◆ **EXTRACTED ENTRIES**
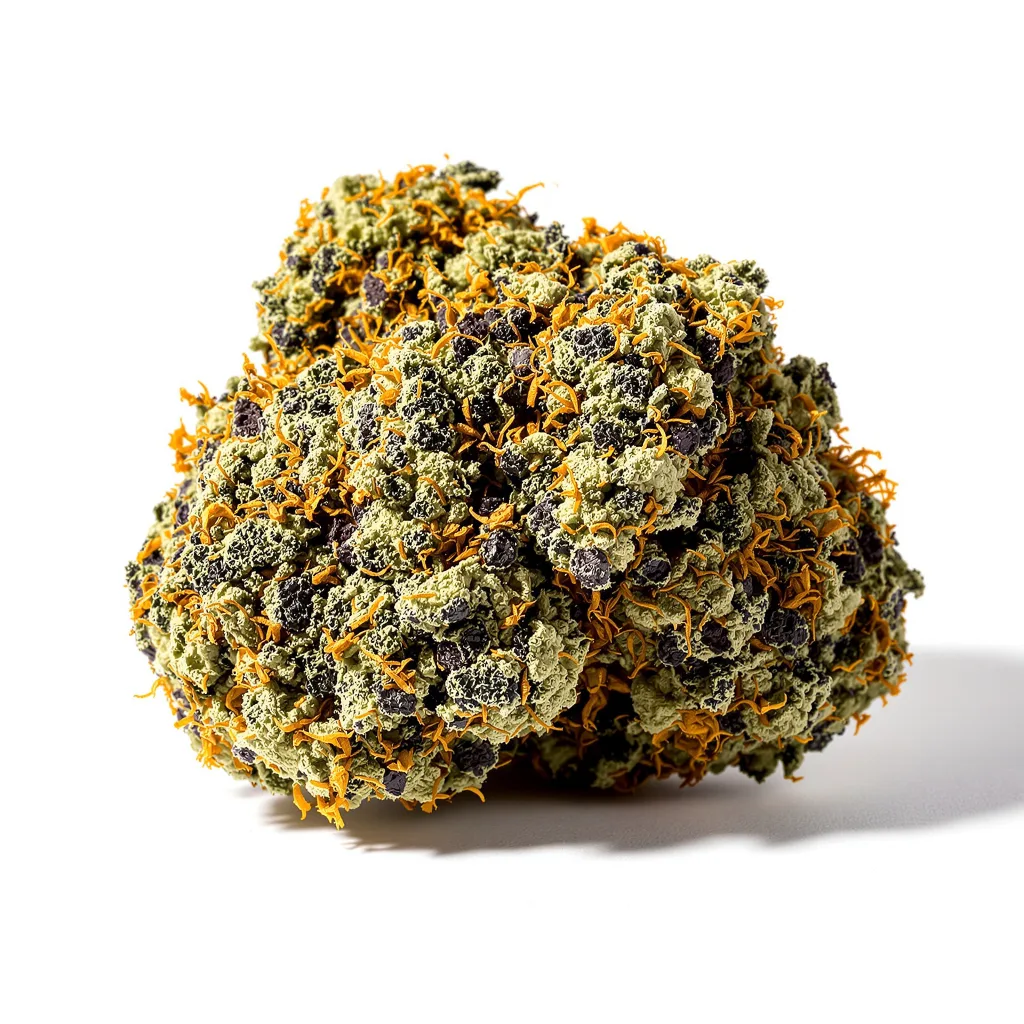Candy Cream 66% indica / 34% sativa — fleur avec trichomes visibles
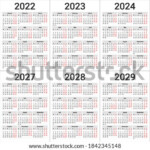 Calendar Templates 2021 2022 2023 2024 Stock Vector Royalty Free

* * *

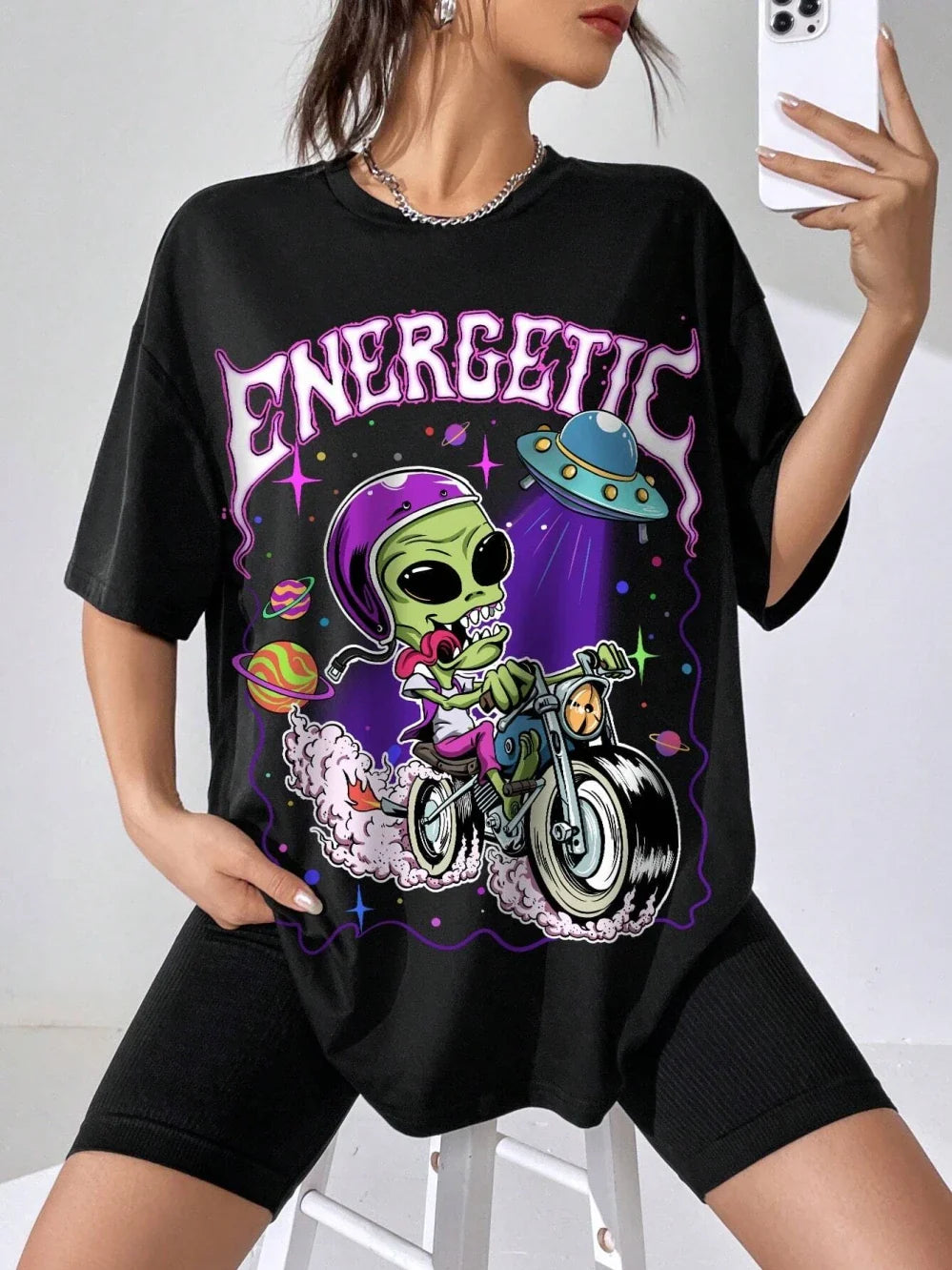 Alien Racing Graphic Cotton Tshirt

◆ **EXERCISE GOAL**
From the records above, copy only the lines running from the line containing "Candy Cream 66%" to the line containing "Calendar Templates 2021", both ends included. Leave the pictures out.

◆ **EXERCISE RESULT**
Candy Cream 66% indica / 34% sativa — fleur avec trichomes visibles
 Calendar Templates 2021 2022 2023 2024 Stock Vector Royalty Free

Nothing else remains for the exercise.